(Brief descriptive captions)
───
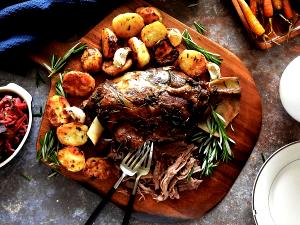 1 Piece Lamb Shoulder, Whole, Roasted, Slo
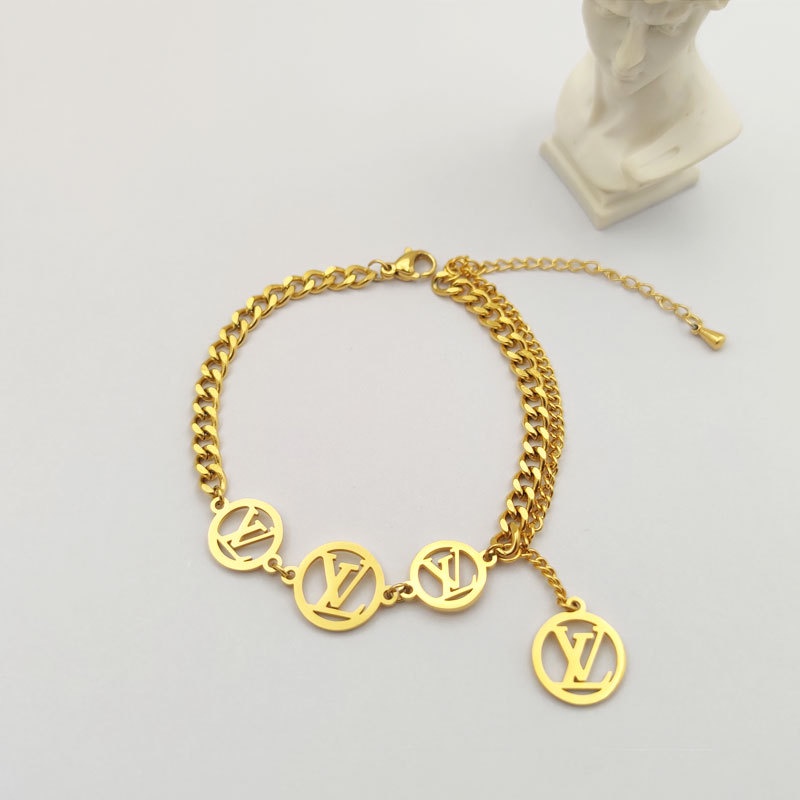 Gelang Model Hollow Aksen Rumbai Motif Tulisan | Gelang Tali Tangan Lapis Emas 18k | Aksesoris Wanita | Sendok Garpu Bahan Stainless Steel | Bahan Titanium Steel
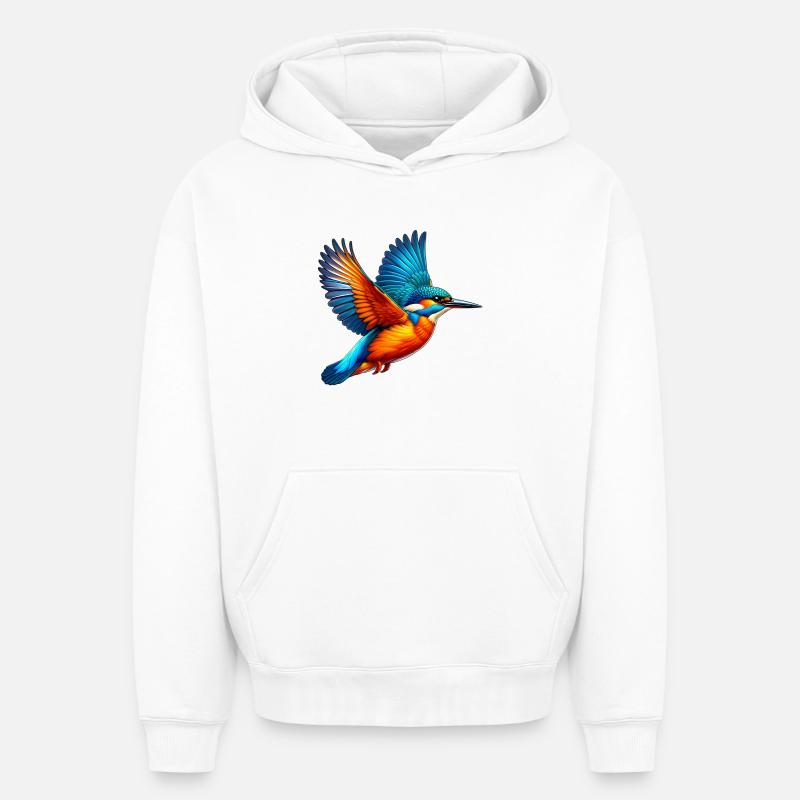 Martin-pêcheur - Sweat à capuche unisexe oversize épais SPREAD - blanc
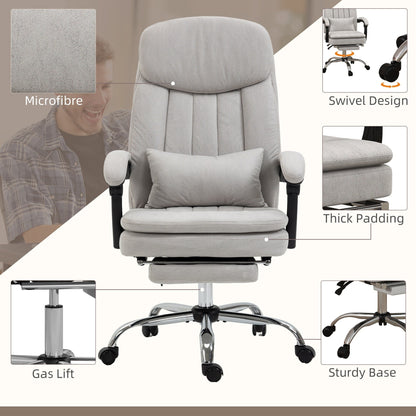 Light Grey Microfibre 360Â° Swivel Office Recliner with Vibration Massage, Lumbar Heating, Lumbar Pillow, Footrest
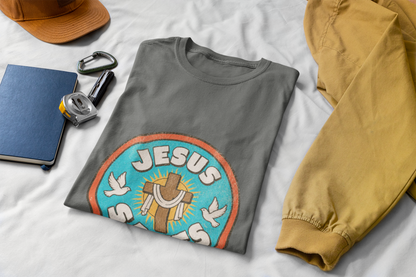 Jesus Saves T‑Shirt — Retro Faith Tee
───
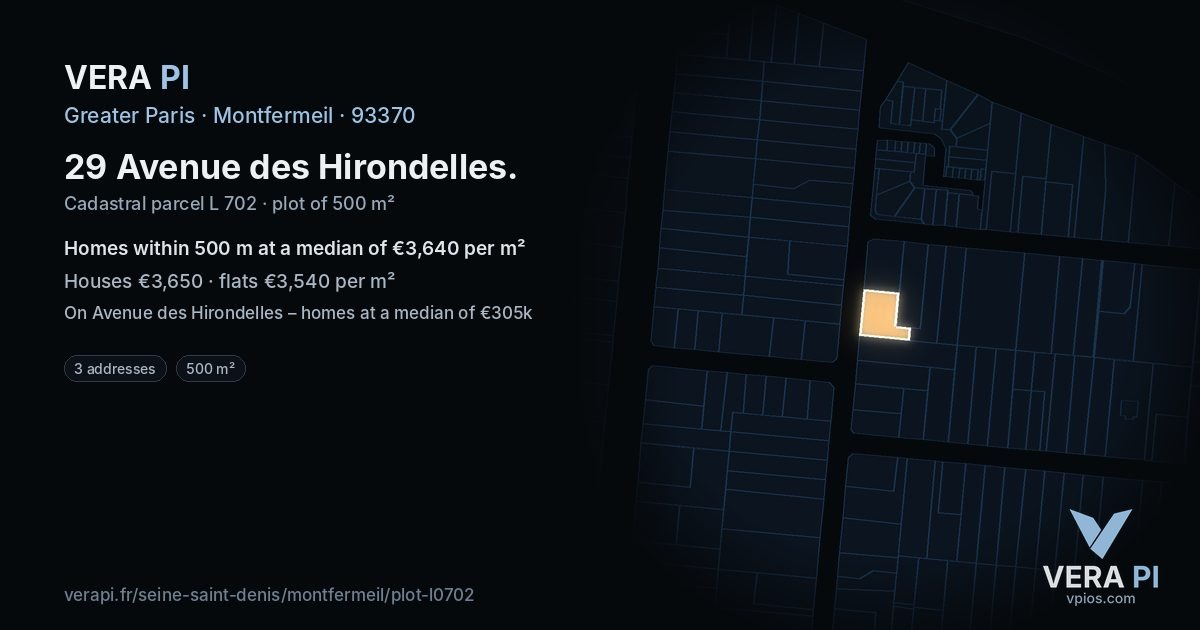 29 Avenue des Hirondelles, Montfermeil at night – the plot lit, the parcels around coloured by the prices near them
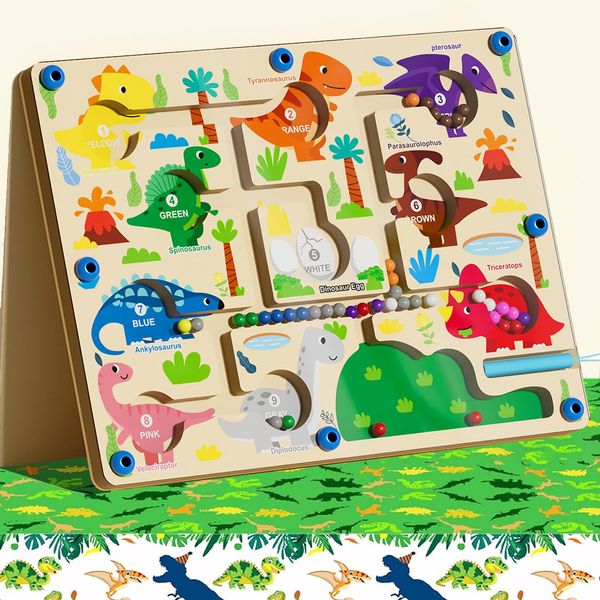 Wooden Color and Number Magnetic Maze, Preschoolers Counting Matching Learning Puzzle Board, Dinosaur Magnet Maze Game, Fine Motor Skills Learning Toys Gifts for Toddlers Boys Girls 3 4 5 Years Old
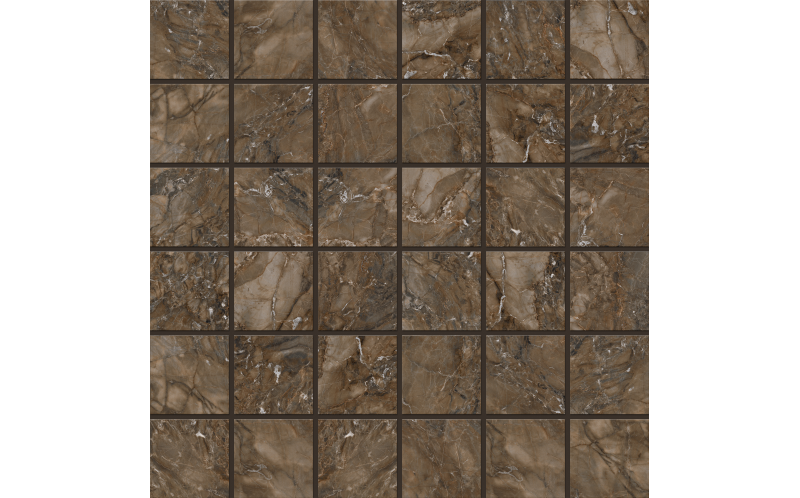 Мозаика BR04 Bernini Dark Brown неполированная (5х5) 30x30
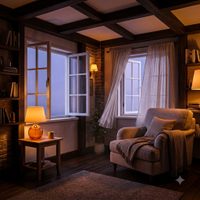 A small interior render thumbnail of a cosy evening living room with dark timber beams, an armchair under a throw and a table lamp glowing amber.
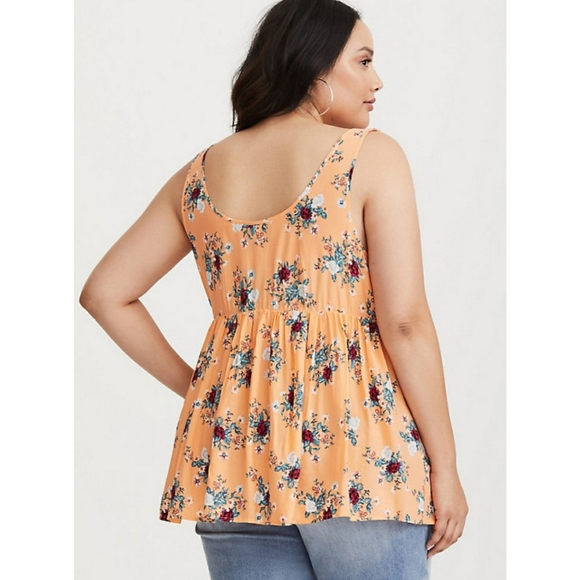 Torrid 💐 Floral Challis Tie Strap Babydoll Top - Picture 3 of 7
───
### What the exercise asks
What to print is the stretch of entries from the line with "1 Piece Lamb Shoulder, Whole, Roasted, Slo" up to and including the line with "Jesus Saves T‑Shirt — Retro Faith Tee". Please print it exactly and leave out the pictures.

### Written reply
 1 Piece Lamb Shoulder, Whole, Roasted, Slo
 Gelang Model Hollow Aksen Rumbai Motif Tulisan | Gelang Tali Tangan Lapis Emas 18k | Aksesoris Wanita | Sendok Garpu Bahan Stainless Steel | Bahan Titanium Steel
 Martin-pêcheur - Sweat à capuche unisexe oversize épais SPREAD - blanc
 Light Grey Microfibre 360Â° Swivel Office Recliner with Vibration Massage, Lumbar Heating, Lumbar Pillow, Footrest
 Jesus Saves T‑Shirt — Retro Faith Tee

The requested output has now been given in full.